In the reality of life, we all are binded to our circumstances. Sad, but true. We all need to survive. But there comes a certain point, when surviving erased the joy of living life for its moments.

The “What do you want to be when you grow up?” project died with the passing of Yasmin Ahmad. Because she was the next in line for my interview. I wanted to catch her the week we were supposed to meet up for some screening session (the week after she passed away).

So when I resuscitate this blog of mine, I started it back, in writing, but with a focus on inspiration and passion. And it’s only fair that I take on the questions myself and share with you guys what inspired me. To live.

Who is the most inspiring person (dead/alive) that have made you pursue your passion?

Jalaluddin Rumi. The spiritual sufi poet.

How and Why is this person significant to you?

I have to say, he has brought me to actually love love and divinity. I found spirituality through his words. I was brought up in a strict malay muslim boarding school. I have had all the basics I needed. And what I was searching was a sense of belonging in loving God.
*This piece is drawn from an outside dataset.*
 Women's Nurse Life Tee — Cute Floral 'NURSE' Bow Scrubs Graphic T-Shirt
The first person I have ever loved told me, if she were to describe me in 3 words, the first word was “God-fearing”. For me, it’s not much of God fearing, it’s more of the fear that I lose myself in search of love for my Creator. And she also introduced me to Jalaluddin Rumi. So, it was all meant to be.

Poetry only came to me in 2007. Before that, I was more like a compulsive blogger. I have my thoughts and short stories of life. But with poetry (and my lack of vocabulary), I can share my silent thoughts in verses that is shorter and more wholehearted.
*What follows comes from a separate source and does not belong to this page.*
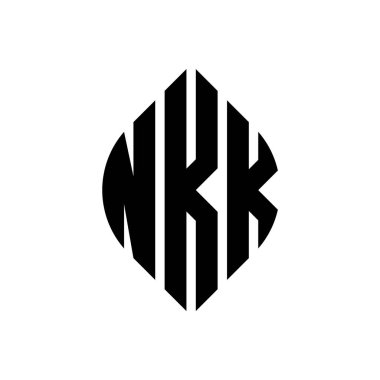 Çember ve elips şekilli NKK yuvarlak harf logosu tasarımı. Typographic tarzında NKK elips harfleri. Üç baş harf daire şeklinde bir logo oluşturuyor. NKK Çemberi Amblemi Soyut Monogram Harf İşaretleme Vektörü.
Rumi’s conscience brings out the sense in loving despite the fact that he’s a mad lover. The thing about Rumi’s words, is that you can weep through it with a smile. Because it comes from the deepest of thoughts and feelings. And I wonder how he is, as a person.

If given a chance to have an afternoon together, what would you guys do?

There’s a tree. We will sit under it and talk. Like a Master and his student. We will eat bread and drink wine. And I will cry while telling him about the love I lost. And he will comfort me by saying,

Oh Beloved,
take away what I want.
Take away what I do.
Take away what I need.
Take away everything
that takes me from you.

If you were given a chance to Pay It Forward, what would you do and why?

I want to help people realise their best talents and passion. When I was 10-11, I always imagined I have a million ringgit, and I will build a house for passionate orphans, give them the family and education they deserve, and make sure when they’re successful, they’ll be the benefactors for other passionate orphans.

Apparently it’s not easy to get 1 million ringgit.

Tell me your worst nightmare.

Once, when I was 12, me and my brother nearly drowned when we stepped into quick sand at Pantai Santubong, Kuching. Drowning, always scares the hell out of my dreams. Then, I always had nightmares about being chased by ghosts around a confined house.

To be honest, I haven’t had any nightmares for years. I believe because I have found inner peace (or I’m getting there).

But my worst fear (in full conciousness), is to die without telling the people I love that I love them. I rather die on a death bed. It’ll buy me time to tell people I love them. We don’t get to do that often.